- Born: Edletha Lorraine Peoples October 17, 1975 (age 50) Palatka, Florida
- Genres: Jazz, soul, CCM, Christian R&B, gospel, urban contemporary gospel, contemporary R&B, praise & worship
- Occupations: Singer, songwriter, entrepreneur
- Instrument: Vocals
- Years active: 2002–present
- Labels: Shabach, Columbia, Epic, Integrity Gospel, Compendia, Blusoul Worldwide
- Website: lisamcclendonmusic.com

= Lisa McClendon =

Lisa McClendon (born Edletha Lorraine Peoples; October 17, 1975) is an American jazz-gospel-soul artist. She started her music career, in 2002, with the release of My Diary, Your Life by Shabach Entertainment. Her second album, Soul Music, released in 2003 by Epic Records and Integrity Gospel. This would be her Billboard magazine breakthrough release upon the Gospel Albums chart. The third album, Live from the House of Blues, was released in 2006 by Columbia Records alongside Epic Records and Integrity Gospel. The album would chart again, but this time around on the Heatseekers Albums chart as well. She would release an independent album on Blusoul Records in 2009, Reality, and this charted on the Gospel Albums chart.
In 2015, she released the long-awaited album 5AM - The Sound of Waking up to Him.
Since then, Lisa has released many noteworthy singles - including "Brilliant", "Mood", and "Perfect".

==Early life==
McClendon was born on October 17, 1975, in Palatka, Florida, as Edletha Lorraine Peoples. She is the daughter of a preacher, and she started singing in her church at 12 years of age.

==Music career==
Her music career started in 2002, with the release of My Diary, Your Life by Shabach Entertainment on May 7, 2002, yet the album failed to chart.
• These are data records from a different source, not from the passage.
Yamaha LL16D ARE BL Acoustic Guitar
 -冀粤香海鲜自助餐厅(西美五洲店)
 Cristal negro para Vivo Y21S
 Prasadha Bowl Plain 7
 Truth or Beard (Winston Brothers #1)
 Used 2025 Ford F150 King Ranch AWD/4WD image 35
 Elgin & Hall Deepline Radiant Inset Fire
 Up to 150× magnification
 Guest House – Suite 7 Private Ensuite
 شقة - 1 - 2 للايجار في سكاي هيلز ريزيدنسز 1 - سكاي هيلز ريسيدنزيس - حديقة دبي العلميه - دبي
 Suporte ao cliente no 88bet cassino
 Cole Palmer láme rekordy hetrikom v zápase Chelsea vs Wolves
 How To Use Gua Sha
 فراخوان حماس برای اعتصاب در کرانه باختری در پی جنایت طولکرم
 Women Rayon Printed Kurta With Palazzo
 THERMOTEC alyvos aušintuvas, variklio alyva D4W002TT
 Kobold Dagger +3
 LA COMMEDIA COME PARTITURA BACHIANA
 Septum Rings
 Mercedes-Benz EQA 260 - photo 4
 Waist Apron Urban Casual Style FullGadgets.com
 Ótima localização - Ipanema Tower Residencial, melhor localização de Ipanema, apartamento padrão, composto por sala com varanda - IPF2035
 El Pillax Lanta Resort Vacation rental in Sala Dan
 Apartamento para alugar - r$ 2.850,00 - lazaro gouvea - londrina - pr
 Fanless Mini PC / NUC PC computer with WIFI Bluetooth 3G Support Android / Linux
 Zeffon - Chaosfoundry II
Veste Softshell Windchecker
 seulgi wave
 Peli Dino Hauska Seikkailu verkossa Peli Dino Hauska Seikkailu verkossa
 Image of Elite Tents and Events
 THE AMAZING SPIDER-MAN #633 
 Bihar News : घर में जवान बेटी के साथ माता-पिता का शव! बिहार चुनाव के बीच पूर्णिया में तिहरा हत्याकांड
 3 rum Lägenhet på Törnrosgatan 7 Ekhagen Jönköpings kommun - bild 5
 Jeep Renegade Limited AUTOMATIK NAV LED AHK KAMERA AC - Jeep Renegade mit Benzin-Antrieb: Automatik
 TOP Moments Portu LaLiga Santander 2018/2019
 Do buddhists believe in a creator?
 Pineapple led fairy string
The second album, Soul Music, released on September 23, 2003 by Epic Records alongside Integrity Gospel. This was her breakthrough album on the Billboard magazine Gospel Albums chart at No. 20. She released her third album, Live from the House of Blues, with Epic Records and Integrity Gospel and this time with Columbia Records in the fold, on January 31, 2006. The album placed on the Gospel Albums at No. 17, while it also charted on the Heatseekers Albums at No. 47. Her next album, Reality, was released on April 28, 2009 by Blusoul Records, and this charted on the Gospel Albums at No. 20. Her first album was rated a perfect ten by Cross Rhythms magazine, while Soul Music and Live from the House of Blues were rated nine out of ten.

McClendon recently expanded her music into jazz where she is now reaching a broader audience with her unique vintage sound.
She has shared the stage with Chrisette Michelle, Lela James, Fred Hammond, Mary Mary, Yolanda Adams and Ledisi. She has also headlined tours throughout the US and Europe.

==Personal life==
McClendon resides in Florida - along with her two heirs, Diamond and Joshua.

==Discography==

- Studio albums
- My Diary, Your Live (2002)
- Soul Music (2003)
- Reality (2009)
- 5 AM The Sound of Waking Up To Him (2015)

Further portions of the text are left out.